SuperLU is a general-purpose library for the direct solution of large, sparse, nonsymmetric systems of linear equations on high-performance machines. The library routines will perform an LU decomposition with partial pivoting and triangular system solves through forward and back substitution. The LU factorization routines can handle non-square matrices, but the triangular solves are performed only for square matrices. The matrix columns may be preordered (before factorization) either through library or user supplied routines. This preordering for sparsity is completely separate from the factorization. Working precision iterative refinement subroutines are provided for improved backward stability. Routines are also provided to equilibrate the system, estimate the condition number, calculate the relative backward error, and estimate error bounds for the refined solutions. There are three separate versions of this code: SuperLU (for sequential machines), SuperLU_MT (for shared memory parallel machines with using OpenMP or Pthread), and SuperLU_DIST (for distributed memory machines using MPI). The library is written in C, with a Fortran interface. SuperLU_DIST supports MPI+X, where X can be CUDA, OpenMP, or both.

# TASMANIAN

The **T**oolkit for **A**daptive **S**tochastic **M**odeling **A**nd **N**on-**I**ntrusive **A**pproximatio**N** is a collection of robust libraries for high dimensional integration and interpolation as well as parameter calibration. The code consists of several modules that can be used individually or conjointly. Tasmanian implements a wide range of Sparse Grid methods based on polynomials with global or local support, wavelet and trigonometric (periodic) functions; the methods focus on surrogate modeling with applications of uncertainty quantification. In addition, Tasmanian implements the DiffeRential Evolution Adaptive Metropolis (DREAM) algorithm for generating random samples from an arbitrary (non-separable) probability distribution; DREAM is often used to sample posterior distributions in the context of Bayesian inference and model validation and calibration.

# Trilinos

The Trilinos Project is an effort to develop algorithms and enabling technologies within an object-oriented software framework for the solution of large-scale, complex multiphysics engineering and scientific problems. Trillions is organized into 66 different packages, each with a specific focus. These packages include linear and nonlinear solvers, preconditioners (including algebraic multigrid), graph partitioners, eigensolvers, and optimization algorithms, among other things. Users are required to install only the subset of packages related to the problems they are trying to solve. Trilinos supports MPI+X, where X can be CUDA, OpenMP, etc.

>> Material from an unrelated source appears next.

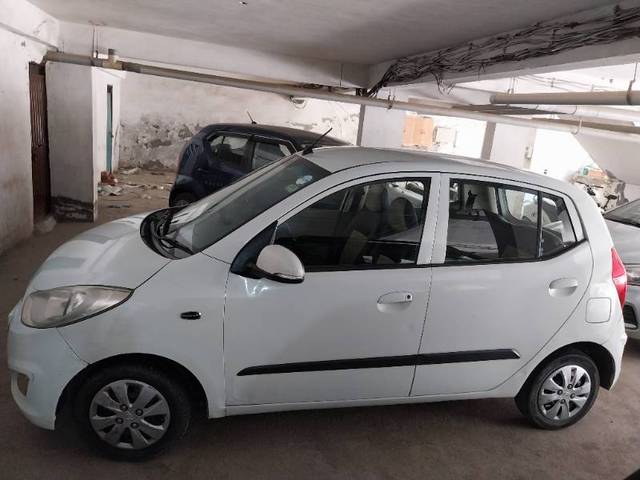 https://images10.gaadi.com/usedgaadi-sellcar/UsedCar/f5433b8ca/0cc568fd-9adf-4e3a-aef0-1665a35e9418.jpg?imwidth=6400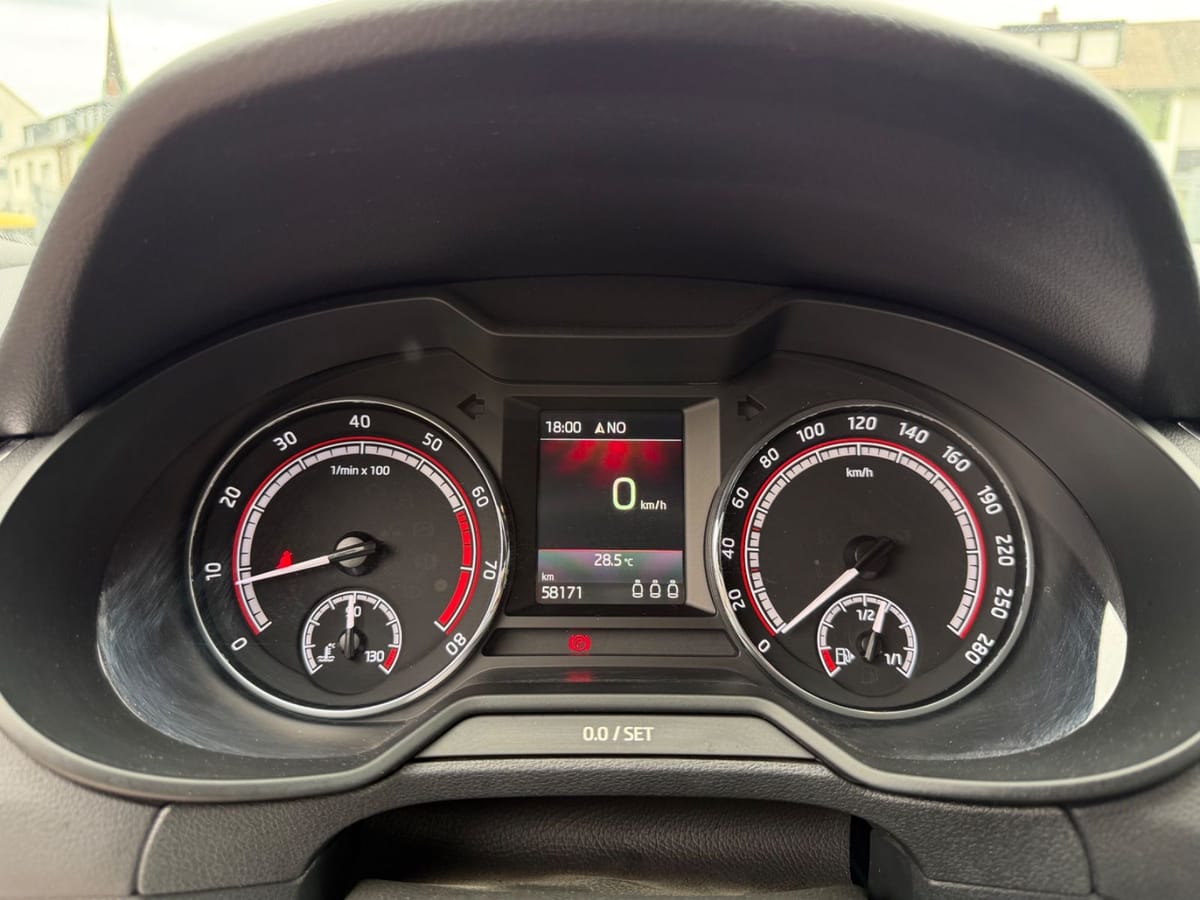 Skoda Octavia Combi RS foto 25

# xSDK application packages:

# Alquimia

Alquimia provides an API for exposing mature geochemistry and biogeochemistry capabilities to reactive transport codes. Alquimia is not a geochemistry solver; rather, it is a library comprising data structures and interfaces that wrap chemistry solvers from well-established codes like PFLOTRAN and CrunchFlow, thereby allowing developers of new codes to use these solvers with a single interface. We refer to these chemistry solvers as chemistry engines.

# PFLOTRAN

PFLOTRAN is an open source, massively parallel subsurface flow and reactive transport code. PFLOTRAN solves a system of generally nonlinear partial differential equations describing multiphase, multicomponent and multiscale reactive flow and transport in porous materials. Parallelization is achieved through domain decomposition using the PETSc. The reactive transport equations can be solved using either a fully implicit Newton-Raphson algorithm or the less robust operator splitting method.